╔══

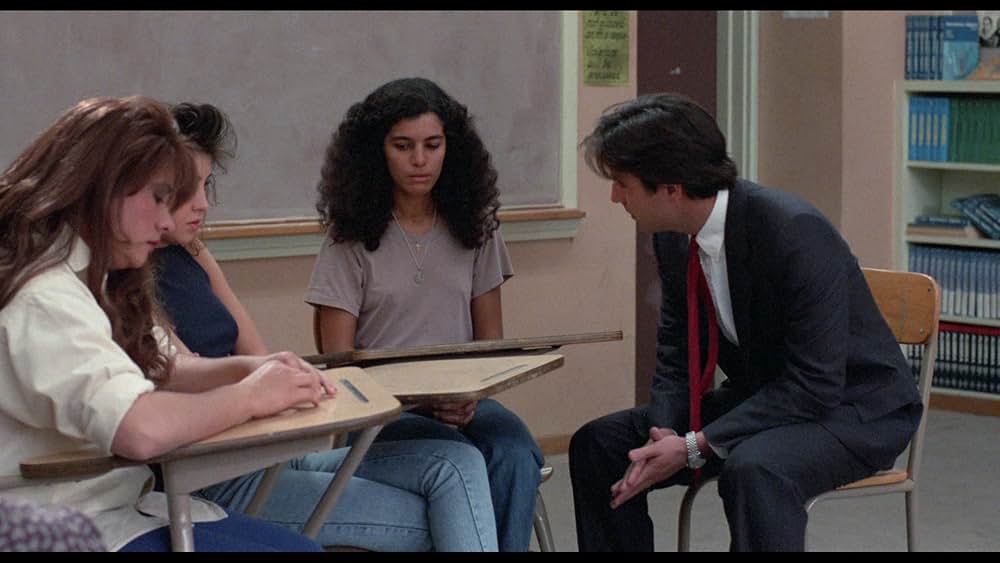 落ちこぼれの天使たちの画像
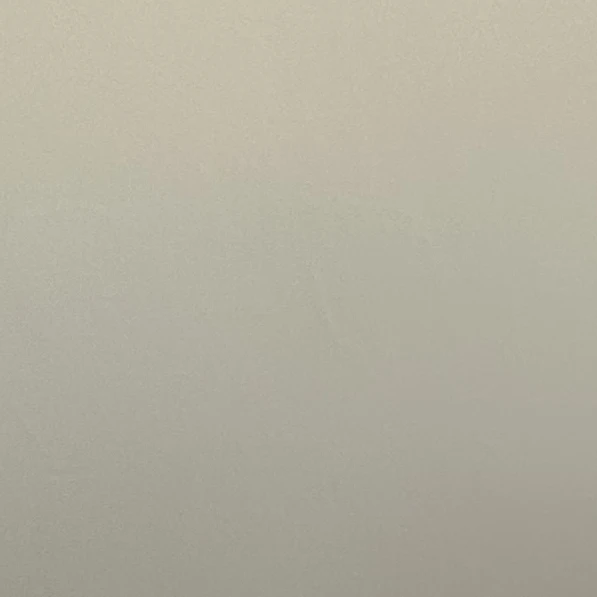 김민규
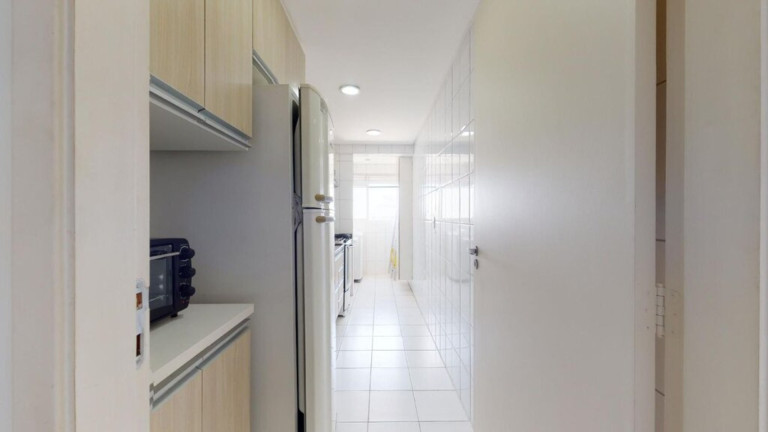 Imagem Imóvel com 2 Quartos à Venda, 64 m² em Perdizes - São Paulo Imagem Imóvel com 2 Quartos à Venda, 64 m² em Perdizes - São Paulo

╚══
╔══

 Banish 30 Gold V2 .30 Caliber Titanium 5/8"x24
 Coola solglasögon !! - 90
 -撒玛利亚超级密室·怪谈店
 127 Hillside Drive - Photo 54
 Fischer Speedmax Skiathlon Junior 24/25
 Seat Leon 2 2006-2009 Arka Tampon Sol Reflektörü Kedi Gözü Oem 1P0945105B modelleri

╚══
╔══

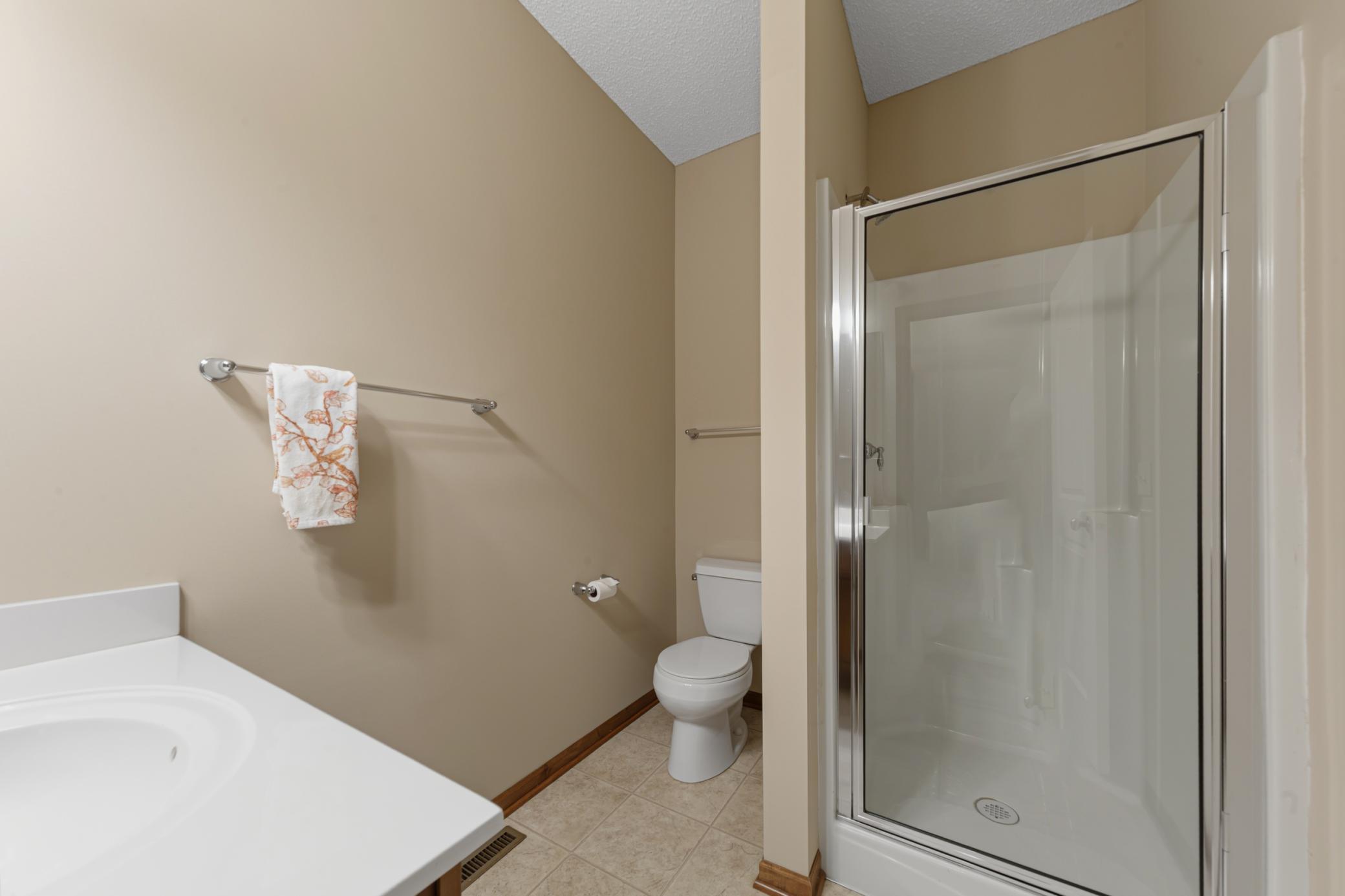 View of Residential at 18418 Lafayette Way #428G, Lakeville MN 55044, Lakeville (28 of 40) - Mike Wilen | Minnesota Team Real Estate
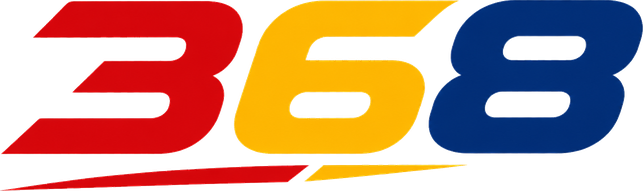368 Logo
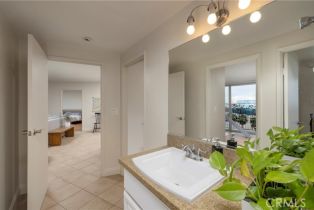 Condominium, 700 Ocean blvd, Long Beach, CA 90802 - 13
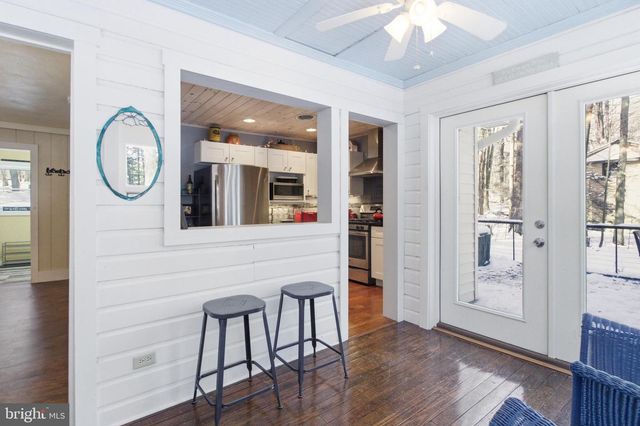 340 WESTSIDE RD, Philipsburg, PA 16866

╚══

## Work required
Set down, unchanged, only those lines above that fall between the line with "Banish 30 Gold" and the line with "Seat Leon 2", the two end lines included.

## Worked solution
 Banish 30 Gold V2 .30 Caliber Titanium 5/8"x24
 Coola solglasögon !! - 90
 -撒玛利亚超级密室·怪谈店
 127 Hillside Drive - Photo 54
 Fischer Speedmax Skiathlon Junior 24/25
 Seat Leon 2 2006-2009 Arka Tampon Sol Reflektörü Kedi Gözü Oem 1P0945105B modelleri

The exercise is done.